The key difference in this reinitialization (reload or reboot) is altered versus unaltered.

However basically they are:

coldStart -- The snmp device performs a power on

warmStart -- The snmp device performs a software reload or ipl

nhabib
Level 9
Level 9

warmStart: "A warmStart trap signifies that the SNMPv2 entity, acting in an agent role, is reinitializing itself such that its configuration is unaltered."

coldStart: "A coldStart trap signifies that the SNMPv2 entity, acting in an agent role, is reinitializing itself and that its configuration may have been altered."

In summary, only difference is that a warmStart implies no SNMP config change.

nhabib
Level 9
Level 9

warmStart: "A warmStart trap signifies that the SNMPv2 entity, acting in an agent role, is reinitializing itself such that its configuration is unaltered."
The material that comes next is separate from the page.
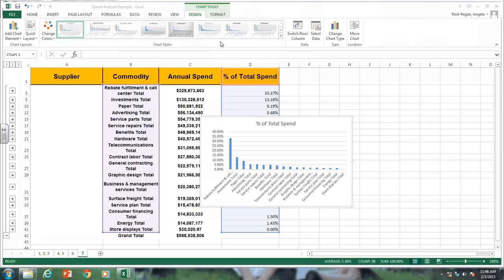That's some analysis you could do to try and find ways, strategies, and tactics for reducing your spend and increasing your efficiencies on sourcing items. Hopefully this helps.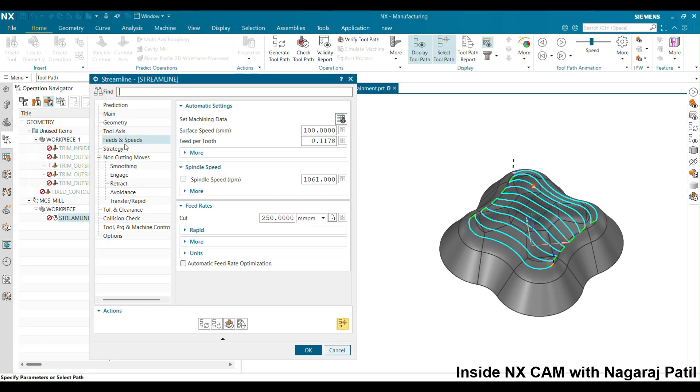For speed settings, you need to specify values according to the material you are using, the tool type, and the machine.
coldStart: "A coldStart trap signifies that the SNMPv2 entity, acting in an agent role, is reinitializing itself and that its configuration may have been altered."

In summary, only difference is that a warmStart implies no SNMP config change.

yjdabear
VIP Alumni
VIP Alumni

Well, I've almost never seen a warmStart trap actually arriving at the NMS end though. It's kinda in the some boat as SYS-2-PS_FAIL, in the sense both usually get generated by Cisco devices very early during OS [re-]initialization (think before Superviser engine initialization) when there's no TCP/IP connectivity, so no syslog/SNMP traps can get delivered to NMS! The only way to find out was by happenstance when sniffing through "show log" on the device itself, after NOC belatedly noticed the device had rebooted through some other symptoms that.